Short web captions:
::::::::

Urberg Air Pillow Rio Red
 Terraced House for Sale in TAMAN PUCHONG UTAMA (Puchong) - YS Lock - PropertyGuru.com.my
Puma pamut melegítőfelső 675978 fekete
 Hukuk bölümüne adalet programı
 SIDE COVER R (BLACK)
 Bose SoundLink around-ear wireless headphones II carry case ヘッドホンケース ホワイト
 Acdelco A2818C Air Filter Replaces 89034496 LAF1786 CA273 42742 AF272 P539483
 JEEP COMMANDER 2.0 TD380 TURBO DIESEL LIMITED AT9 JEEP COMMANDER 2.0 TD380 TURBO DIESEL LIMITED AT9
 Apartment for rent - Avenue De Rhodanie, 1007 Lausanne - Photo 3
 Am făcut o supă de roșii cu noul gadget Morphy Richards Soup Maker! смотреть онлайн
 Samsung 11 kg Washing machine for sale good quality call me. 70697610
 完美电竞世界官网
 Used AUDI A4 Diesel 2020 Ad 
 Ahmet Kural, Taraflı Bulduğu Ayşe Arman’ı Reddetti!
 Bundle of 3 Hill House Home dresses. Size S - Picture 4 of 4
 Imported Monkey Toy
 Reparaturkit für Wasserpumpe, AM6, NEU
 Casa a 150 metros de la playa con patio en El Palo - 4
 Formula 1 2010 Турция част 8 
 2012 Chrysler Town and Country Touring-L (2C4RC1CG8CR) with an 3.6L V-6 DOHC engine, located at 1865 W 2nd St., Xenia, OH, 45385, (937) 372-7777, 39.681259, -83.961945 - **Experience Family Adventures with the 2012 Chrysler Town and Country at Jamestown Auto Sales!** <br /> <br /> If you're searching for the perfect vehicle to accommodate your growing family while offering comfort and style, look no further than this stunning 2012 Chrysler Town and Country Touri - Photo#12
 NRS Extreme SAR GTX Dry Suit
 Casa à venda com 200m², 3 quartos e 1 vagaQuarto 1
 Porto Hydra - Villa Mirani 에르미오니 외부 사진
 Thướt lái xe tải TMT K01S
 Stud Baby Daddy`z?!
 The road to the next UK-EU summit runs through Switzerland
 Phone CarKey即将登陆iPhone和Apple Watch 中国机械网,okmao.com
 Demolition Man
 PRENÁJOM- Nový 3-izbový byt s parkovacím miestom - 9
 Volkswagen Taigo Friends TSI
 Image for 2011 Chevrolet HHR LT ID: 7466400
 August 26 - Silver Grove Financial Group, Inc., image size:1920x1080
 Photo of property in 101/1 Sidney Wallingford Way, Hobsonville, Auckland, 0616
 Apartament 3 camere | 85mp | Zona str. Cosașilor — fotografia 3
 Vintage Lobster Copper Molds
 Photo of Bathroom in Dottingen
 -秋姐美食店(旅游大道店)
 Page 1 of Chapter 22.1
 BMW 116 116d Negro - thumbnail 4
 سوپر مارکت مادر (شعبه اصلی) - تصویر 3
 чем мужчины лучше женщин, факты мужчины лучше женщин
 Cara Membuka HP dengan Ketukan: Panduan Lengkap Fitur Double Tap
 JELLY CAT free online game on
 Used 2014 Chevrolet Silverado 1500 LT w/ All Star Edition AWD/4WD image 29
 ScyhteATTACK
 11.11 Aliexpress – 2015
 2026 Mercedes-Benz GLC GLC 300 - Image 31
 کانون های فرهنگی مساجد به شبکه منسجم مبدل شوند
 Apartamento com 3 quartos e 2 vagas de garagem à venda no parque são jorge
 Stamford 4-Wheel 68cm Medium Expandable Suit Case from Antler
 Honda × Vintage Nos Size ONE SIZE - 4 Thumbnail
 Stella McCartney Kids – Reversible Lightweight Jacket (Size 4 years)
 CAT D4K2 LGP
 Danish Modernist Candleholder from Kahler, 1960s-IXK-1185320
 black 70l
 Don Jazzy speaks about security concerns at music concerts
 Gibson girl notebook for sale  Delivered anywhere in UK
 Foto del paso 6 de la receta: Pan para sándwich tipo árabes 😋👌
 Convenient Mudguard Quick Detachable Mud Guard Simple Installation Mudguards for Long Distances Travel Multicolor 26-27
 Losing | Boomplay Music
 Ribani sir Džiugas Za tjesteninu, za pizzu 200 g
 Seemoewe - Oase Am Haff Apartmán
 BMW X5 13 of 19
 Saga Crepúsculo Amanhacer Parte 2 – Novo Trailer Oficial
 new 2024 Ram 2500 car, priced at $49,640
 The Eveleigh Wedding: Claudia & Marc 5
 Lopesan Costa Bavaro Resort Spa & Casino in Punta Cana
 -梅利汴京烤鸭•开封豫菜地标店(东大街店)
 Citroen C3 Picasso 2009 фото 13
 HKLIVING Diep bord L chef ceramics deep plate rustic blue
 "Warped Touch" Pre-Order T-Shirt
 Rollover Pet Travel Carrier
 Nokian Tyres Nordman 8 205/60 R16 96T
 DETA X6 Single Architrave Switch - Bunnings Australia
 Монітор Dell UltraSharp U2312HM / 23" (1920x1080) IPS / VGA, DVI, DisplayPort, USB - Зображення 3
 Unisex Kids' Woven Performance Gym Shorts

::::::::

> WHAT IS BEING ASKED
Output every record above a second time, exactly.

> ANSWER SPACE
Urberg Air Pillow Rio Red
 Terraced House for Sale in TAMAN PUCHONG UTAMA (Puchong) - YS Lock - PropertyGuru.com.my
Puma pamut melegítőfelső 675978 fekete
 Hukuk bölümüne adalet programı
 SIDE COVER R (BLACK)
 Bose SoundLink around-ear wireless headphones II carry case ヘッドホンケース ホワイト
 Acdelco A2818C Air Filter Replaces 89034496 LAF1786 CA273 42742 AF272 P539483
 JEEP COMMANDER 2.0 TD380 TURBO DIESEL LIMITED AT9 JEEP COMMANDER 2.0 TD380 TURBO DIESEL LIMITED AT9
 Apartment for rent - Avenue De Rhodanie, 1007 Lausanne - Photo 3
 Am făcut o supă de roșii cu noul gadget Morphy Richards Soup Maker! смотреть онлайн
 Samsung 11 kg Washing machine for sale good quality call me. 70697610
 完美电竞世界官网
 Used AUDI A4 Diesel 2020 Ad 
 Ahmet Kural, Taraflı Bulduğu Ayşe Arman’ı Reddetti!
 Bundle of 3 Hill House Home dresses. Size S - Picture 4 of 4
 Imported Monkey Toy
 Reparaturkit für Wasserpumpe, AM6, NEU
 Casa a 150 metros de la playa con patio en El Palo - 4
 Formula 1 2010 Турция част 8 
 2012 Chrysler Town and Country Touring-L (2C4RC1CG8CR) with an 3.6L V-6 DOHC engine, located at 1865 W 2nd St., Xenia, OH, 45385, (937) 372-7777, 39.681259, -83.961945 - **Experience Family Adventures with the 2012 Chrysler Town and Country at Jamestown Auto Sales!** <br /> <br /> If you're searching for the perfect vehicle to accommodate your growing family while offering comfort and style, look no further than this stunning 2012 Chrysler Town and Country Touri - Photo#12
 NRS Extreme SAR GTX Dry Suit
 Casa à venda com 200m², 3 quartos e 1 vagaQuarto 1
 Porto Hydra - Villa Mirani 에르미오니 외부 사진
 Thướt lái xe tải TMT K01S
 Stud Baby Daddy`z?!
 The road to the next UK-EU summit runs through Switzerland
 Phone CarKey即将登陆iPhone和Apple Watch 中国机械网,okmao.com
 Demolition Man
 PRENÁJOM- Nový 3-izbový byt s parkovacím miestom - 9
 Volkswagen Taigo Friends TSI
 Image for 2011 Chevrolet HHR LT ID: 7466400
 August 26 - Silver Grove Financial Group, Inc., image size:1920x1080
 Photo of property in 101/1 Sidney Wallingford Way, Hobsonville, Auckland, 0616
 Apartament 3 camere | 85mp | Zona str. Cosașilor — fotografia 3
 Vintage Lobster Copper Molds
 Photo of Bathroom in Dottingen
 -秋姐美食店(旅游大道店)
 Page 1 of Chapter 22.1
 BMW 116 116d Negro - thumbnail 4
 سوپر مارکت مادر (شعبه اصلی) - تصویر 3
 чем мужчины лучше женщин, факты мужчины лучше женщин
 Cara Membuka HP dengan Ketukan: Panduan Lengkap Fitur Double Tap
 JELLY CAT free online game on
 Used 2014 Chevrolet Silverado 1500 LT w/ All Star Edition AWD/4WD image 29
 ScyhteATTACK
 11.11 Aliexpress – 2015
 2026 Mercedes-Benz GLC GLC 300 - Image 31
 کانون های فرهنگی مساجد به شبکه منسجم مبدل شوند
 Apartamento com 3 quartos e 2 vagas de garagem à venda no parque são jorge
 Stamford 4-Wheel 68cm Medium Expandable Suit Case from Antler
 Honda × Vintage Nos Size ONE SIZE - 4 Thumbnail
 Stella McCartney Kids – Reversible Lightweight Jacket (Size 4 years)
 CAT D4K2 LGP
 Danish Modernist Candleholder from Kahler, 1960s-IXK-1185320
 black 70l
 Don Jazzy speaks about security concerns at music concerts
 Gibson girl notebook for sale  Delivered anywhere in UK
 Foto del paso 6 de la receta: Pan para sándwich tipo árabes 😋👌
 Convenient Mudguard Quick Detachable Mud Guard Simple Installation Mudguards for Long Distances Travel Multicolor 26-27
 Losing | Boomplay Music
 Ribani sir Džiugas Za tjesteninu, za pizzu 200 g
 Seemoewe - Oase Am Haff Apartmán
 BMW X5 13 of 19
 Saga Crepúsculo Amanhacer Parte 2 – Novo Trailer Oficial
 new 2024 Ram 2500 car, priced at $49,640
 The Eveleigh Wedding: Claudia & Marc 5
 Lopesan Costa Bavaro Resort Spa & Casino in Punta Cana
 -梅利汴京烤鸭•开封豫菜地标店(东大街店)
 Citroen C3 Picasso 2009 фото 13
 HKLIVING Diep bord L chef ceramics deep plate rustic blue
 "Warped Touch" Pre-Order T-Shirt
 Rollover Pet Travel Carrier
 Nokian Tyres Nordman 8 205/60 R16 96T
 DETA X6 Single Architrave Switch - Bunnings Australia
 Монітор Dell UltraSharp U2312HM / 23" (1920x1080) IPS / VGA, DVI, DisplayPort, USB - Зображення 3
 Unisex Kids' Woven Performance Gym Shorts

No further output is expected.